Willow communities dominate mid‐elevation riparian areas throughout the Rocky Mountains of North America. However, many willow stands are rapidly declining in aerial cover and individual plants in stature. A poor understanding of the processes that control willow establishment hinders identifying the causes of this decline. We analysed the processes that have facilitated or limited willow establishment over the last half of the 20th century on two large floodplains in Rocky Mountain National Park in Colorado by addressing two questions: (1) How does hydrologic regime control willow establishment on different fluvial landforms? (2) How might climate‐driven variations in hydrologic regime affect future willow establishment?
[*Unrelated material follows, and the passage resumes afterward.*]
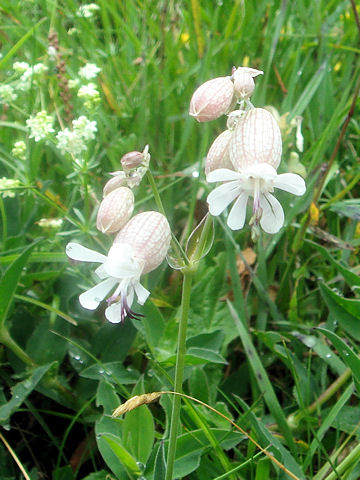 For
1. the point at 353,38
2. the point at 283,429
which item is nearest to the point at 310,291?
the point at 283,429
We precisely aged willows on the three most common fluvial landforms, stream point bars, drained beaver ponds, and abandoned channels, and statistically related establishment dates to patterns of annual stream peak flow. The role of peak flow on willow establishment varied significantly by landform. Willow recruitment had occurred nearly every year on point bars. In former beaver complexes, most willows had established following dam breaches, whereas willows had established on abandoned channels for several years following channel avulsion. Establishment on point bars and abandoned channels was driven by peak flows of 2‐ to 5‐year return intervals, whereas in abandoned beaver ponds most establishment was associated with flow events of >5‐year return interval. Models of climate change suggest that temperatures will increase and precipitation seasonality will shift over the coming decades in the Rocky Mountains, leading to earlier spring runoff, lower summer and fall flows, decreased snowpack and decreased soil moisture. Such changes are likely to diminish opportunities for willow establishment. Copyright © 2005 John Wiley & Sons, Ltd.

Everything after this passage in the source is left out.